Given data: Begin
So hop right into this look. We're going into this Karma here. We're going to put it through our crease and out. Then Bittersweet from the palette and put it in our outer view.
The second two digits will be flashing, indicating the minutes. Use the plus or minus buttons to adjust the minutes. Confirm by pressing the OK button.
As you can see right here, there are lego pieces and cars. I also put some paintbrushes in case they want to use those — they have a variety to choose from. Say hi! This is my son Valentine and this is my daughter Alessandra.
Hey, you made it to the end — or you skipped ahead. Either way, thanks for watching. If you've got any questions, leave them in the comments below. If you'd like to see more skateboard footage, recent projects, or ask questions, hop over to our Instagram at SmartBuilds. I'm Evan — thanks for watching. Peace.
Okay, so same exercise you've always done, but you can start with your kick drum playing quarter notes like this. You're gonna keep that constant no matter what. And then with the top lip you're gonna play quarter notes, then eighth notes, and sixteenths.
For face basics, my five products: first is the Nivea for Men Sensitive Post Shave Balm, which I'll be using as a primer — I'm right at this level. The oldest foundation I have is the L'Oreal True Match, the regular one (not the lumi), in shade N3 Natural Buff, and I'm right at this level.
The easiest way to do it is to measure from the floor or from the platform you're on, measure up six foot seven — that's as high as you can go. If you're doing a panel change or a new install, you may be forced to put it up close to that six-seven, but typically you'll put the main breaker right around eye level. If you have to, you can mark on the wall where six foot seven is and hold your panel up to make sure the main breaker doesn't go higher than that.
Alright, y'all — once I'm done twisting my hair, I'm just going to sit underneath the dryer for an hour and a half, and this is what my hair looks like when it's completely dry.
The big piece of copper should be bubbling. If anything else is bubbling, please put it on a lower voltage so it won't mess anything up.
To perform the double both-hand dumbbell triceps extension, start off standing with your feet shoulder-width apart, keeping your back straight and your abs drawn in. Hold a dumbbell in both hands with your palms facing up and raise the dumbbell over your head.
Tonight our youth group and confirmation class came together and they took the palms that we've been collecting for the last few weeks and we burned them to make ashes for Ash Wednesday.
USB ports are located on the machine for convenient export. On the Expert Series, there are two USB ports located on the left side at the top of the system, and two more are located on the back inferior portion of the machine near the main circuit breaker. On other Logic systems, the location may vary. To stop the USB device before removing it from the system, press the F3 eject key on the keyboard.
Given data: End
- What is needed
Report each line in the entries where the string "more" occurs.

- Task solution
Hey, you made it to the end — or you skipped ahead. Either way, thanks for watching. If you've got any questions, leave them in the comments below. If you'd like to see more skateboard footage, recent projects, or ask questions, hop over to our Instagram at SmartBuilds. I'm Evan — thanks for watching. Peace.
USB ports are located on the machine for convenient export. On the Expert Series, there are two USB ports located on the left side at the top of the system, and two more are located on the back inferior portion of the machine near the main circuit breaker. On other Logic systems, the location may vary. To stop the USB device before removing it from the system, press the F3 eject key on the keyboard.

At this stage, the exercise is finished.